MIT 18.065: Lecture 25 - Stochastic Gradient Descent

Linear Algebra
Optimization
Stochastic Gradient Descent
Machine Learning
Finite-sum objectives, why SGD is cheaper than full gradient descent, why it fluctuates near the optimum, and how unbiased stochastic gradients, reshuffling, and mini-batches make large-scale learning practical.
Author

Chao Ma

Published

March 11, 2026

Many optimization problems in machine learning have the same structure: the objective is an average of per-sample losses. This lecture explains why that structure leads naturally to stochastic gradient descent, and why the noise in SGD is both its strength and its limitation.

Finite-Sum Problems

A large class of models can be written as

\[ f(x)=\frac{1}{n}\sum_{i=1}^n f_i(x). \]

Examples:

Least Squares

\[ \frac{1}{n}\|Ax-b\|^2 = \frac{1}{n}\sum_{i=1}^n (a_i^\top x-b_i)^2 = \frac{1}{n}\sum_{i=1}^n f_i(x). \]

Lasso

\[ \frac{1}{n}\|Ax-b\|^2+\lambda \|x\|_1 = \frac{1}{n}\sum_{i=1}^n (a_i^\top x-b_i)^2 + \lambda \sum_j |x_j|. \]

Support Vector Machine

\[ \frac{1}{2}\|x\|_2^2 + \frac{C}{n}\sum_{i=1}^n \max\bigl(0,1-y_i(x^\top a_i+b)\bigr). \]

Deep Neural Networks

\[ \frac{1}{n}\sum_{i=1}^n \text{loss}\bigl(y_i,\mathcal{DNN}(x;a_i)\bigr) = \frac{1}{n}\sum_{i=1}^n f_i(x). \]

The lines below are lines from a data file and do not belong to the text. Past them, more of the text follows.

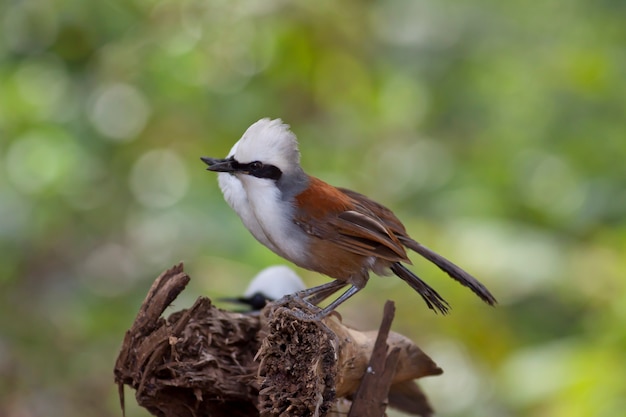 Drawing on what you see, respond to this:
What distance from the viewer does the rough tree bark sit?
8.07ft

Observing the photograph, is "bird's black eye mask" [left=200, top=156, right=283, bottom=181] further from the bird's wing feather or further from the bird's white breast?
the bird's wing feather

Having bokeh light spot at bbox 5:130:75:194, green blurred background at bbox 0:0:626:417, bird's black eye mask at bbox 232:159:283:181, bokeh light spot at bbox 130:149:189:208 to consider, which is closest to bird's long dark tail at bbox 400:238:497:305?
bird's black eye mask at bbox 232:159:283:181

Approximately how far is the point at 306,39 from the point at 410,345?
3.32m

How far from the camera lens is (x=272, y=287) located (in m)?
3.74

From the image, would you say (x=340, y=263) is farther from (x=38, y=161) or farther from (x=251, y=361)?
(x=38, y=161)

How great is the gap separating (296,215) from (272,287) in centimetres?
100

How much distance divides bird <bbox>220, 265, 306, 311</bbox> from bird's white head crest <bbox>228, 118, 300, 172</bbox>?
3.38 feet

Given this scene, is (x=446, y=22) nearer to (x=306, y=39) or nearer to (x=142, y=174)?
(x=306, y=39)

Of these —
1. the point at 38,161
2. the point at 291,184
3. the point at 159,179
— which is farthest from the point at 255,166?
the point at 159,179

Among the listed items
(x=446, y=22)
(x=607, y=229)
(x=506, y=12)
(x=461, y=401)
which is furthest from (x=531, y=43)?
(x=461, y=401)

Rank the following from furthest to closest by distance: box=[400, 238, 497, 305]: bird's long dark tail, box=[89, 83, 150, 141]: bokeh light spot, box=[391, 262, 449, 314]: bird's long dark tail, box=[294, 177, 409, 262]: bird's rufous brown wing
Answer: box=[89, 83, 150, 141]: bokeh light spot
box=[400, 238, 497, 305]: bird's long dark tail
box=[391, 262, 449, 314]: bird's long dark tail
box=[294, 177, 409, 262]: bird's rufous brown wing

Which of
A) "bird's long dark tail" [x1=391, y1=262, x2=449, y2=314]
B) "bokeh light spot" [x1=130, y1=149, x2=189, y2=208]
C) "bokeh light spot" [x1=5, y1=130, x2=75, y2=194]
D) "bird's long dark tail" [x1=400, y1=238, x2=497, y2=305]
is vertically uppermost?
"bokeh light spot" [x1=130, y1=149, x2=189, y2=208]

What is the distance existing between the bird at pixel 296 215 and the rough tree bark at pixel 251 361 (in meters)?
0.16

This finite-sum form is the reason SGD exists as a specialized optimization method.

Why SGD?

Full gradient descent uses

\[ x_{k+1}=x_k-\eta_k \nabla f(x_k) = x_k-\eta_k \frac{1}{n}\sum_{i=1}^n \nabla f_i(x_k). \]

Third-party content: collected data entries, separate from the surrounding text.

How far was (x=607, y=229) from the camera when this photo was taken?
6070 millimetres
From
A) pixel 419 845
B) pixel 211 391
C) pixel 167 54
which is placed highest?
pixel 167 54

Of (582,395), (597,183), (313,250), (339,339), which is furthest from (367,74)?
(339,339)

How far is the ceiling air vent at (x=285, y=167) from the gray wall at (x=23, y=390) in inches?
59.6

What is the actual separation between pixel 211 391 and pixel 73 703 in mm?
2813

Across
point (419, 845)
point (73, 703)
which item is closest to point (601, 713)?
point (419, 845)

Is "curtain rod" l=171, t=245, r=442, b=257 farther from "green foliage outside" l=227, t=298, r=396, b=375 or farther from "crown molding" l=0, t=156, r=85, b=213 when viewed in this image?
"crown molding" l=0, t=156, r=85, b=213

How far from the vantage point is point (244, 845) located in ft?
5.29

The drawback is cost: when \(n\) is huge, computing the whole gradient every step is too expensive.

SGD replaces the full average with one randomly selected sample index \(i(k)\):

\[ x_{k+1}=x_k-\eta_k \nabla f_{i(k)}(x_k). \]

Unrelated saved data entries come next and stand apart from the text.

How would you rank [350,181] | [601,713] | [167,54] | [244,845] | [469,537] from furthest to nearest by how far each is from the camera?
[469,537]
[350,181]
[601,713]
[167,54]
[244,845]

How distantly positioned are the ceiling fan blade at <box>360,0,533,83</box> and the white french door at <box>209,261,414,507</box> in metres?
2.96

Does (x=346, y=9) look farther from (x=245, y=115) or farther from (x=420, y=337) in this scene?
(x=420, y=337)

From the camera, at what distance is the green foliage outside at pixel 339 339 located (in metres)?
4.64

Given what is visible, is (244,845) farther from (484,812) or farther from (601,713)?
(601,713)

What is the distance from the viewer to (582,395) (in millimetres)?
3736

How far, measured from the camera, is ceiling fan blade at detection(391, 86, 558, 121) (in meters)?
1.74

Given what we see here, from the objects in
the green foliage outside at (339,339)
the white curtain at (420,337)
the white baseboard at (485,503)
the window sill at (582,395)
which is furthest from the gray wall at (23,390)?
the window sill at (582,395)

Each update is roughly \(n\) times cheaper, which is why SGD scales to massive datasets.

One-sample updates make each iteration much cheaper

Why SGD Fluctuates

A common empirical pattern is:

  • early iterations drop the loss quickly
  • near the optimum, the iterates fluctuate instead of settling smoothly

SGD often oscillates near the optimum

This is not a bug. It is the direct consequence of using noisy per-sample gradients.

Geometric Intuition

Consider a 1D least-squares objective where each sample contributes

\[ f_i(x)=(a_i x-b_i)^2. \]

Each \(f_i\) is its own parabola with its own minimizer

\[ x_i^*=\frac{b_i}{a_i}. \]

Let

\[ R=[\min_i x_i^*,\max_i x_i^*]. \]

Then the global optimum of the whole dataset lies somewhere inside this region.

Two phases explain the SGD dynamics:

  1. Far outside \(R\), all sample gradients roughly point in the same direction, so SGD moves consistently toward the solution region.
  2. Inside \(R\), different samples pull in different directions, creating a tug-of-war that makes the iterates bounce around.

Individual sample minima create a tug-of-war near the optimum

This is why SGD needs either a decaying learning rate or averaging if we want the fluctuations to shrink.

The Key Idea: Unbiased Gradient Estimates

SGD works because its noisy gradient is unbiased:

\[ \mathbb{E}[g(x)] = \nabla f(x). \]

Here:

  • \(\nabla f(x)\) is the true full-dataset gradient
  • \(g(x)\) is the stochastic gradient from one random sample

A single stochastic step may point in a bad direction, but on average these steps line up with the true descent direction.

That is the central tradeoff:

  • exact gradient: expensive and stable
  • stochastic gradient: cheap and noisy

Two Sampling Variants

With Replacement

At each step, pick an index uniformly from \(\{1,\dots,n\}\) independently of previous picks.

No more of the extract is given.